Was it any more miraculous than the phases of the moon, than the shortening days of fall, than a sudden snowstorm? It was in some ways. Poor Galileo’s ghost hovered, slowly nodding his head and whispering, “I told you so.” As the hot late summer afternoon turned to twilight, excited kids ran down my overgrown lane with home-made viewers. Something in them answered, “Too bad you had to die before we were enlightened – or unenlightened, sir.” They all know what you were talking about now. It’s part of their You-Tube, Ted Talks education. Funny how when they grow up and become lawmakers they’ll forget, or find it less important than the gross national product.

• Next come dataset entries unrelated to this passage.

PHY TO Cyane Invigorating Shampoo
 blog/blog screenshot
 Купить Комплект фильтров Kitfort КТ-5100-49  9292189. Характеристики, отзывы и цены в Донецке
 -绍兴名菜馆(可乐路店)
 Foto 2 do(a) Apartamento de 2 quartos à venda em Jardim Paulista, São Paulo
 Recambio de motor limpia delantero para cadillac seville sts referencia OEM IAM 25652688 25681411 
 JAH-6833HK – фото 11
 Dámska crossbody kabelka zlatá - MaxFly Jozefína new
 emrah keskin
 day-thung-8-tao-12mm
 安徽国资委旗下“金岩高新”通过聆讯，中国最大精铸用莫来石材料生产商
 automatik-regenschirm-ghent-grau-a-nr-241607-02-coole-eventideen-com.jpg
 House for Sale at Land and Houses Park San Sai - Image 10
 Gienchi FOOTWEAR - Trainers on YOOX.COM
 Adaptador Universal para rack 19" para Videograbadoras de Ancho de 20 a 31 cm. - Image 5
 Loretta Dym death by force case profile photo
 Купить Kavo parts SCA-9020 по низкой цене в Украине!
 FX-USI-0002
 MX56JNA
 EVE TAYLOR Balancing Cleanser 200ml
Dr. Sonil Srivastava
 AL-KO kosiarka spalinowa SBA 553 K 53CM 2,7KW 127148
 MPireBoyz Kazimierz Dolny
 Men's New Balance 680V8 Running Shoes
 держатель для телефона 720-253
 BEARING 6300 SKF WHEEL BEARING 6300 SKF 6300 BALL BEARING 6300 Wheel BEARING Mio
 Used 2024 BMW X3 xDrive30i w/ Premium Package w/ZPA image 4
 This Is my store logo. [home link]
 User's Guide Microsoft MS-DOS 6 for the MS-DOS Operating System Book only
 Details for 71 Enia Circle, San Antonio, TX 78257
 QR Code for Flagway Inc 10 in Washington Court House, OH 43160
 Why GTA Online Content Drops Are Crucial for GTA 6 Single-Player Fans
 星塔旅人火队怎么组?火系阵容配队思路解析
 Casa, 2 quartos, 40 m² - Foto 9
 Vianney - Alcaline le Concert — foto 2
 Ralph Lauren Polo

How surprising it was to find in the couple of days before the eclipse so many people who didn’t have the faintest idea that it was imminent. As I scoured the shops for safety glasses for my grandchildren, shop assistants wrinkled their brows and offered me “clips?”. One bright spark admitted that it might have been a “good idea” to have a few pairs on hand. I finally found some in a toy shop and was grateful to the intrepid lady in front of me who insisted that the young lady at the cash open the package to be sure they bore an ISO number. Maybe I was overanxious (a fault of grandmothers). After all, even the President of the United States took a sneak peek without his glasses. He is, however, a specialist in various types of blindness.
How is it possible to be blind to our place in the universe? Given our finite number of days, surely a wonder, a sign like this that the mechanism really is in orderly
motion should be cause for a sort of reverence. We get blasé about the change of seasons, about the silver lantern in the sky at night, about birth, even about death. The eclipse makes us see that something grave and mighty is at work.